▶ _Work to be completed_:
Search the records that follow and extract every line containing the string "Large".

[Input for this task Boundary: Start]

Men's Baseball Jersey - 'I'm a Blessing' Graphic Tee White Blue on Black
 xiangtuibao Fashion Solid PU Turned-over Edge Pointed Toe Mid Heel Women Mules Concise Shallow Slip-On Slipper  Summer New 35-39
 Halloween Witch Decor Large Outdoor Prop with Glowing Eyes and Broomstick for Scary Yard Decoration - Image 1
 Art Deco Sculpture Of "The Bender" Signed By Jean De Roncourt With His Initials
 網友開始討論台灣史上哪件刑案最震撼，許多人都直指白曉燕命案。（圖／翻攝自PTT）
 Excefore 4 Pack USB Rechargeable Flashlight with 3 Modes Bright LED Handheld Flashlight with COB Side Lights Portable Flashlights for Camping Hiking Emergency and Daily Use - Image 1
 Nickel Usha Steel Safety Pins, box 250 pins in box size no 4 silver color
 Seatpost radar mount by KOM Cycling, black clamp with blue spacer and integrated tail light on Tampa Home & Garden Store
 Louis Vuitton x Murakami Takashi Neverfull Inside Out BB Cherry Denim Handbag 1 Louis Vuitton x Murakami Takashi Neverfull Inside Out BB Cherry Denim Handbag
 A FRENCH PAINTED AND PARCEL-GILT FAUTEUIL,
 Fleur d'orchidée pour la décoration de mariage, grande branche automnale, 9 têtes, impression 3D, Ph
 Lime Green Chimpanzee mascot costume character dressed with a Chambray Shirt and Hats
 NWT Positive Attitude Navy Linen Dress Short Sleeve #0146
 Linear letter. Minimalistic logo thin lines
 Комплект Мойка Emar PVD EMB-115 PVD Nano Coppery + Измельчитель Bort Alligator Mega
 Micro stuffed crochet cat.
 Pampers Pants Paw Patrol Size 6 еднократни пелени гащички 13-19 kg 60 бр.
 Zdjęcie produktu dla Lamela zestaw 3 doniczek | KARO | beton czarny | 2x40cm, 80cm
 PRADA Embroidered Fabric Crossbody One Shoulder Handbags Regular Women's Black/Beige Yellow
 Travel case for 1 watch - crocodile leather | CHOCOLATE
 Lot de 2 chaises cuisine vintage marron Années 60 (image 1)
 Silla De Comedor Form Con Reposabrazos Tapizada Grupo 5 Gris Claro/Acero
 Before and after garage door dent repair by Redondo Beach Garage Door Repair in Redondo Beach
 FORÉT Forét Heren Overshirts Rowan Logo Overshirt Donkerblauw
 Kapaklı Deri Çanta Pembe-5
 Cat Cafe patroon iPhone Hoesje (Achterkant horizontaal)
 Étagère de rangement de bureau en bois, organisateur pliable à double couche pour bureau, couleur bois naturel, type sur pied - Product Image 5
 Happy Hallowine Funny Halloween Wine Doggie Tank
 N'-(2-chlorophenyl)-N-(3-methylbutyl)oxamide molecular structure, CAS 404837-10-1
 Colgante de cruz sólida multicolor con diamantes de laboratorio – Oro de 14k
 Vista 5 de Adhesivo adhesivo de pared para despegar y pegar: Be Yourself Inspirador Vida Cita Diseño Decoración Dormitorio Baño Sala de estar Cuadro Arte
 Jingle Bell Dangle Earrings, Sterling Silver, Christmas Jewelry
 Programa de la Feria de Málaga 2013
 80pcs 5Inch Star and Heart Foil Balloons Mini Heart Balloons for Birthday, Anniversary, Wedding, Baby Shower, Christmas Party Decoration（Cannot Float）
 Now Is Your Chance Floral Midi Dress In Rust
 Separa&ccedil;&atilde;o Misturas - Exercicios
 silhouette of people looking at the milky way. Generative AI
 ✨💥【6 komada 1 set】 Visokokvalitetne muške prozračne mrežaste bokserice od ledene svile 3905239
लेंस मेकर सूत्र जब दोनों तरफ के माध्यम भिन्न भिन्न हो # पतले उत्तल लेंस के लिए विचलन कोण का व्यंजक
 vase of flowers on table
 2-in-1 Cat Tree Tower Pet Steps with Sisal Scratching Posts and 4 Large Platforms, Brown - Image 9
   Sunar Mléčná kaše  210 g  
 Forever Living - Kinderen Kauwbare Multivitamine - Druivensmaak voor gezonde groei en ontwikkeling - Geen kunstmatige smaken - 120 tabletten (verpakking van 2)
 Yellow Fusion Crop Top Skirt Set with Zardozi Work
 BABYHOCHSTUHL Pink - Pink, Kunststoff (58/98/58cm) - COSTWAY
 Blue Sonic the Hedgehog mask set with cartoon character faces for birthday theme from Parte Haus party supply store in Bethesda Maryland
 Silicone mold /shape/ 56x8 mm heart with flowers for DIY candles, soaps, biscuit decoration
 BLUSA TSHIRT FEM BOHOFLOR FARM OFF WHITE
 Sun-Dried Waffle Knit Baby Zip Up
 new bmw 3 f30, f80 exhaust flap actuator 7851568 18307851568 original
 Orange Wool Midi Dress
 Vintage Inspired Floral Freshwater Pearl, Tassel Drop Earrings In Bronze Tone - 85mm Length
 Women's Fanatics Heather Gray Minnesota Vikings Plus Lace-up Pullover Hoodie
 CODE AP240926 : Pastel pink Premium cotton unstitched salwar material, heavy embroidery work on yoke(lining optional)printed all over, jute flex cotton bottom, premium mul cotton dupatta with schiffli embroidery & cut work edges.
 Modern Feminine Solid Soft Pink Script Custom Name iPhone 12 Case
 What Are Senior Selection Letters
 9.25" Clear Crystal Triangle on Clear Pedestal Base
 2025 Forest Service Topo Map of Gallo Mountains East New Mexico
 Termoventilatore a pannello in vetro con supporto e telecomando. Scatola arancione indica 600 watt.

[Input for this task Boundary: End]

▶ _Written answer_:
 Halloween Witch Decor Large Outdoor Prop with Glowing Eyes and Broomstick for Scary Yard Decoration - Image 1
 2-in-1 Cat Tree Tower Pet Steps with Sisal Scratching Posts and 4 Large Platforms, Brown - Image 9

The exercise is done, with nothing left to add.